_The data:_

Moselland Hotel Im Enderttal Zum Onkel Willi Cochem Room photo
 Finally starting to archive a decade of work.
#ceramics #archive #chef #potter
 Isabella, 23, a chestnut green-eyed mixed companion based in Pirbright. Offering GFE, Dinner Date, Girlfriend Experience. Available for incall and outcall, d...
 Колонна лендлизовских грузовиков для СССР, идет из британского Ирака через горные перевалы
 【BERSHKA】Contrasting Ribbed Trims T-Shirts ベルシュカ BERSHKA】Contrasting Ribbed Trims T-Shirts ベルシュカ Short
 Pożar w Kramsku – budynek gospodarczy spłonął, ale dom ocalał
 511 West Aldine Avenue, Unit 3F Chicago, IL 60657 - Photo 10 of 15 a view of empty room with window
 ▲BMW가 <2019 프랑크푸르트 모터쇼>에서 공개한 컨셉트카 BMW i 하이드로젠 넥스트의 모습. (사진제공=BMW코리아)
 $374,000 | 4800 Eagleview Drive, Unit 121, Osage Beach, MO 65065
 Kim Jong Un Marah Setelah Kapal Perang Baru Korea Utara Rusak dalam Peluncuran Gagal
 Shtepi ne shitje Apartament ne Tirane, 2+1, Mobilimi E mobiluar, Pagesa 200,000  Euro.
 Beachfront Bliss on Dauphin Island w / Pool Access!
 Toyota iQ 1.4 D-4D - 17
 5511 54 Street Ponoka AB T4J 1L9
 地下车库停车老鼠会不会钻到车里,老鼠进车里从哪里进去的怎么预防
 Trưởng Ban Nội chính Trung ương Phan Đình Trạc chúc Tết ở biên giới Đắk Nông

_Problem to work on:_
Would you transcribe exactly the lines from the one containing "Isabella, 23, a" to the end of the material, and leave out the rest?

_Answer area:_
 Isabella, 23, a chestnut green-eyed mixed companion based in Pirbright. Offering GFE, Dinner Date, Girlfriend Experience. Available for incall and outcall, d...
 Колонна лендлизовских грузовиков для СССР, идет из британского Ирака через горные перевалы
 【BERSHKA】Contrasting Ribbed Trims T-Shirts ベルシュカ BERSHKA】Contrasting Ribbed Trims T-Shirts ベルシュカ Short
 Pożar w Kramsku – budynek gospodarczy spłonął, ale dom ocalał
 511 West Aldine Avenue, Unit 3F Chicago, IL 60657 - Photo 10 of 15 a view of empty room with window
 ▲BMW가 <2019 프랑크푸르트 모터쇼>에서 공개한 컨셉트카 BMW i 하이드로젠 넥스트의 모습. (사진제공=BMW코리아)
 $374,000 | 4800 Eagleview Drive, Unit 121, Osage Beach, MO 65065
 Kim Jong Un Marah Setelah Kapal Perang Baru Korea Utara Rusak dalam Peluncuran Gagal
 Shtepi ne shitje Apartament ne Tirane, 2+1, Mobilimi E mobiluar, Pagesa 200,000  Euro.
 Beachfront Bliss on Dauphin Island w / Pool Access!
 Toyota iQ 1.4 D-4D - 17
 5511 54 Street Ponoka AB T4J 1L9
 地下车库停车老鼠会不会钻到车里,老鼠进车里从哪里进去的怎么预防
 Trưởng Ban Nội chính Trung ương Phan Đình Trạc chúc Tết ở biên giới Đắk Nông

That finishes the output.